The research, conducted by US 2010, a research project on changes in American society funded by Brown University and the Russell Sage Foundation, corroborates a recent study by the Pew Research Center that showed that 7.7 million U.S. children -- one in 10 -- were living in the same household as one of their grandparents in 2011. In most cases, that meant living in their grandparent's home.
So why are so many seniors playing such pivotal roles in raising their grandkids? In an interview with the Washington Post, Amy Goyer, AARP’s expert on multigenerational and family issues, cited the 2007 recession as one the biggest reasons for the uptick in multigenerational households.
“Grandparents have always been a safety net,” she said, adding that nearly 20 percent of grandparents with grandchildren in the house are living below the poverty line.
The study concluded that almost one-third of grandmothers who live with their grandchildren are the primary caregivers.
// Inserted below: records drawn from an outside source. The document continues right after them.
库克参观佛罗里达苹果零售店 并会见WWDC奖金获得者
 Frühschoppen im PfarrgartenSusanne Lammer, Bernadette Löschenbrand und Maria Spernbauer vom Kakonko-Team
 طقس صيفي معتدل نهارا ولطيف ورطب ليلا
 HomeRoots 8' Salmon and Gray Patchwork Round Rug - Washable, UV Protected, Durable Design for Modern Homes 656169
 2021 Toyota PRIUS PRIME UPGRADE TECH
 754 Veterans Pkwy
Black and Hispanic grandmothers are more likely than white grandmothers to live with grandchildren and black grandmothers are more likely than Hispanic grandmothers to be the primary caregivers, the report found.
The researchers noted that living under one roof can be mutually beneficial for grandparents and parents.
"A divorced elderly mother may live with an adult child because the housing costs of living alone are too high for the mother to bear alone," the researchers wrote. "Alternatively, intergenerational co-residence may reduce poverty if living with parents enables a single mother to work longer hours at her job and earn more money because her parents are providing child care."